Data for this exercise >>
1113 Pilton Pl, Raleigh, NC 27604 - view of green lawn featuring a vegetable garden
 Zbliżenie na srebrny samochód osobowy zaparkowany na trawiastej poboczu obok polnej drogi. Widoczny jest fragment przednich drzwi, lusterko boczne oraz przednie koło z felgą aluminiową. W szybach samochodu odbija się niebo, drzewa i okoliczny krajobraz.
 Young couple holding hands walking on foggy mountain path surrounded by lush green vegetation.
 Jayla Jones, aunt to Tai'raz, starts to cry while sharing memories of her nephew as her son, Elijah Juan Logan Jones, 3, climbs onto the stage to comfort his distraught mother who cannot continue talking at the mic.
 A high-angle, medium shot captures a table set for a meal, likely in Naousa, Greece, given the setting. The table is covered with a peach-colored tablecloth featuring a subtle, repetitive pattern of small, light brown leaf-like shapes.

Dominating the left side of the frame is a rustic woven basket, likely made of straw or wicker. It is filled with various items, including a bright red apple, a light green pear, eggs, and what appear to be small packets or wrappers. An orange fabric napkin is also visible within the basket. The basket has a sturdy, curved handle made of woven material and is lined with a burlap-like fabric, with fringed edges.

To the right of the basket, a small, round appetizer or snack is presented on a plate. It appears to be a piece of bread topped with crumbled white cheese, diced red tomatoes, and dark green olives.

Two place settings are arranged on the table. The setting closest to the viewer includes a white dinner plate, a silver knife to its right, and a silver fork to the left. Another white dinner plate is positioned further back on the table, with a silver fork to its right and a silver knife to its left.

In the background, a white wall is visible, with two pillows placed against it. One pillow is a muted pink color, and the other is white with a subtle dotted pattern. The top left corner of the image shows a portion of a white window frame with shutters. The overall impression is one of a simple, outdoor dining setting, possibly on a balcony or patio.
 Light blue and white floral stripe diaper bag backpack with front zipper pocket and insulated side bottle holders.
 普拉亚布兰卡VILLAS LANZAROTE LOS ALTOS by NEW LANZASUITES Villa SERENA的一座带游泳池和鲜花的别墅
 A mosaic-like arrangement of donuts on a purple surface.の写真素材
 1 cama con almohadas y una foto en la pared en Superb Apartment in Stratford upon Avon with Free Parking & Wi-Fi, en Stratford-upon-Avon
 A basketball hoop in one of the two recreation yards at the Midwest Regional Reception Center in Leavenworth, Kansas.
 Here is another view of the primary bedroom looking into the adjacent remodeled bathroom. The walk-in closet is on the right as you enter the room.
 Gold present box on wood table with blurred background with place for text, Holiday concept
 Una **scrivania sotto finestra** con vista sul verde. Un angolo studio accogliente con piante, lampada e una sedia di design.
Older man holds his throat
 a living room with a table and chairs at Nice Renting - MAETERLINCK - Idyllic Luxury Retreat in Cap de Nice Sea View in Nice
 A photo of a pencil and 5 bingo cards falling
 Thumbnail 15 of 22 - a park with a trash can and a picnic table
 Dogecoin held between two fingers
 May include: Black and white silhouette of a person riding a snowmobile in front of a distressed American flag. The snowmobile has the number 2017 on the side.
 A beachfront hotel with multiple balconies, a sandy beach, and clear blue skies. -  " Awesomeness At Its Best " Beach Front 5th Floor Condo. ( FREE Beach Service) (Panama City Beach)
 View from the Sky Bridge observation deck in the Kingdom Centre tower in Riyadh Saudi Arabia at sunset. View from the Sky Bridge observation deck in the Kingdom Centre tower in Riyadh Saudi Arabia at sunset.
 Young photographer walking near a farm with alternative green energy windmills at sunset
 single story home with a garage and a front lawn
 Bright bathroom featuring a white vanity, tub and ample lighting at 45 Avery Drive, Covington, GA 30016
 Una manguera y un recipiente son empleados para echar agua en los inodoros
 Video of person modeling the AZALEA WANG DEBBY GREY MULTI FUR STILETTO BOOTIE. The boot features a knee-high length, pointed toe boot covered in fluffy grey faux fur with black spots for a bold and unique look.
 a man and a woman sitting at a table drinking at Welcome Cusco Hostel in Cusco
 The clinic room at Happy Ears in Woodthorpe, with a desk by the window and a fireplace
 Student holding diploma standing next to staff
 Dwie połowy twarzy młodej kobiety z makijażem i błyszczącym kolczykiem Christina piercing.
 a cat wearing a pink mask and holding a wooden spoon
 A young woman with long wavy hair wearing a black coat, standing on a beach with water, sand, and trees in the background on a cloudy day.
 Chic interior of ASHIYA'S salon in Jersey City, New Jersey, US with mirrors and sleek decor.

Task details >>
The task calls for all lines in the entries that hold "standing".

Answer to this problem >>
 Student holding diploma standing next to staff
 A young woman with long wavy hair wearing a black coat, standing on a beach with water, sand, and trees in the background on a cloudy day.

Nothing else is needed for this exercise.